Is it dangerous to make humility a virtue?

Professor of Theology, Asia Graduate School of Theology
September 21, 2015

Try to remember the last time you paid someone a heartfelt compliment. How did they respond? Some people are prone to deny compliments profusely. Others offer a simple, “Thanks.” Still others might have resented the fact you didn’t notice sooner or shower them with even more praise!

But have you ever tried to respond to a compliment with humility? What about one that you feel is deserved in some way? If so, then you are already familiar with the challenges that humility brings to our moral and intellectual lives. On the one hand, if we are honest people, we ought to be inclined to accept the recognition of our strengths with openness; on the other hand, it hardly seems appropriate or humble to respond to a compliment with, “Yes, I agree that I am quite good at such-and-such.”

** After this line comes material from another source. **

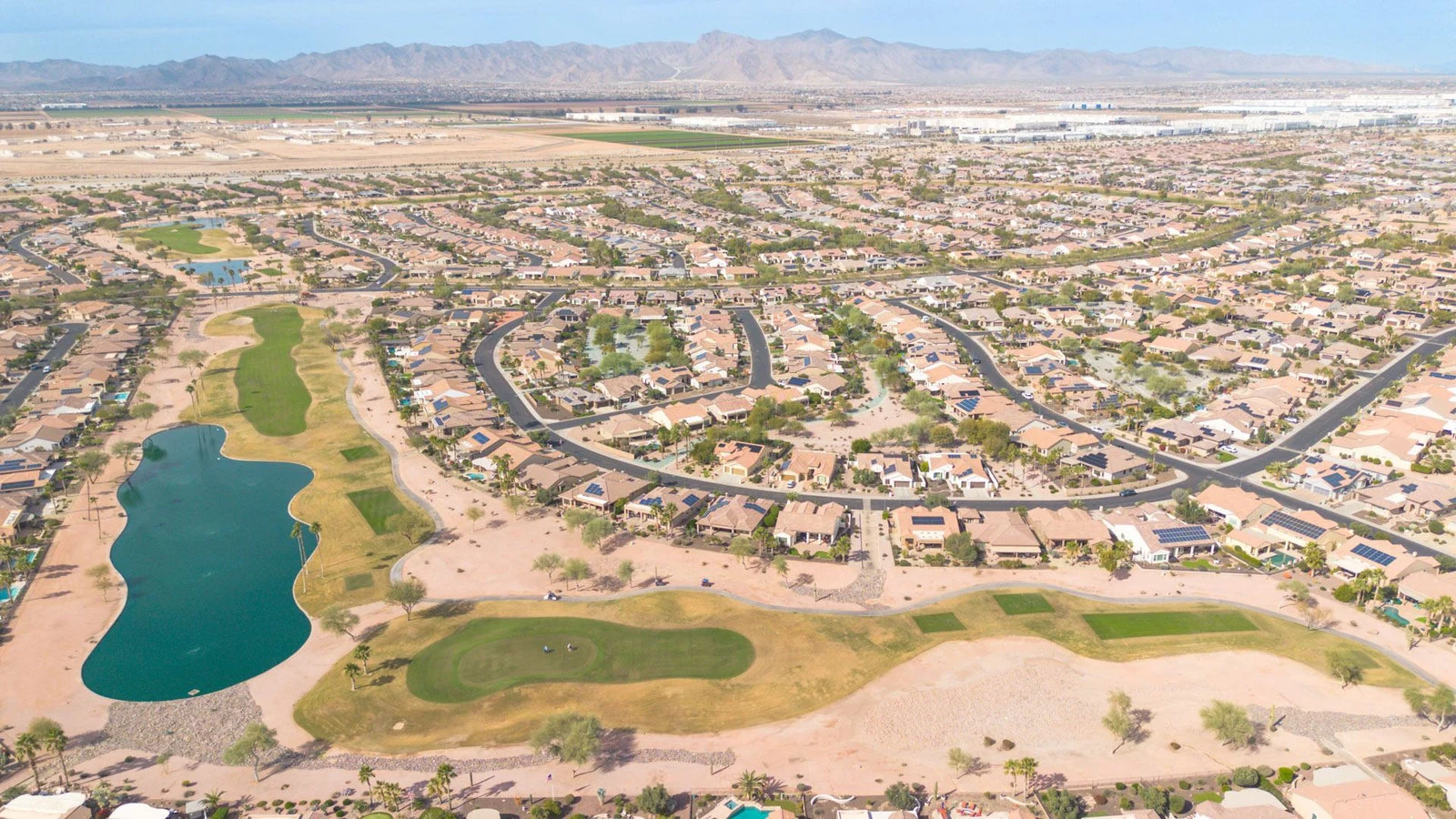 Aerial of a Goodyear golf community with lake and mountains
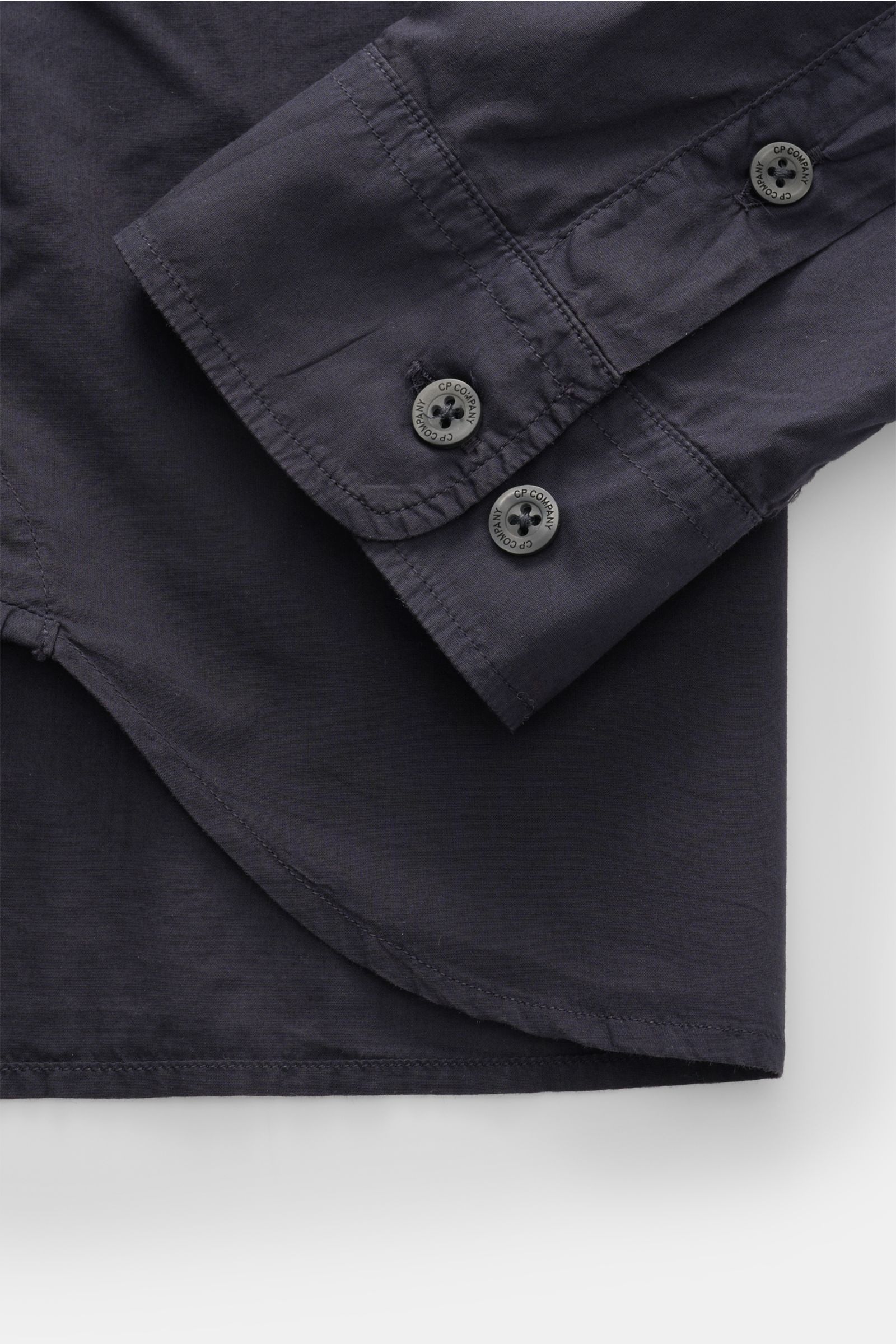C.P. Company Casual Hemd schmaler Kragen navy, Detailaufnahme der Ärmelmanschette mit Knöpfen, reine Baumwolle, navy, von oben fotografiert.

The Paralyzing Effects of Admitting Our Limits

A similar dilemma often presents itself in the academic life. As students and scholars, we are often made aware of how limited and confused our understanding of various issues has been in the past, and are aware that there are many people smarter and better educated than us. But this awareness of limitation can be paralyzing for many of us, keeping us from making the kind of courageous leaps that a flourishing intellectual life requires. This is an inconvenience if you are already relatively privileged and successful in your career as an academic; but if you are a person already marginalized by many social norms, then it can have weighty consequences. As some have pointed out, social expectations related to humility—particularly that women and members of minority groups should embrace humility as a way of living cooperatively with others—have and continue to radically shape our social fabric for the worse.

Is Christianity to Blame for Humility?

Some view this problem as having its source ultimately in the Christian tradition. After all, followers of Jesus are encouraged to take as their leader and example a God whose signature image is a lamb being led to slaughter, and whose religious texts extol a radical form of humble living before God and others.

All of this should make us wonder: Is Christianity responsible for introducing a muddled—and even damaging—notion to our understanding of moral and intellectual life? Namely, that we ought to be humble? Or are there resources within the Christian faith that could help us avoid the most problematic of these consequences?

Intellectual Virtue and Early Christian Writings

When I was in graduate school, it was the serendipitous confluence of two texts that instigated my interest in intellectual virtue generally, and intellectual humility in particular. The first text was by Jay Wood, and was an introductory text on epistemology that, in a lively and meaningful way, introduced me to the notion of intellectual virtue and vice.1 The second text was First Clement, one of the earliest extant post-New Testament texts that Christians possess. Like some of Paul’s letters, it is addressed to the church in Corinth, and though it is technically anonymous, tradition attributes its authorship to Clement of Rome, one of the first bishops of the noble city. Reading the letter is like stepping into a time machine and being transported into the world of first century Christians.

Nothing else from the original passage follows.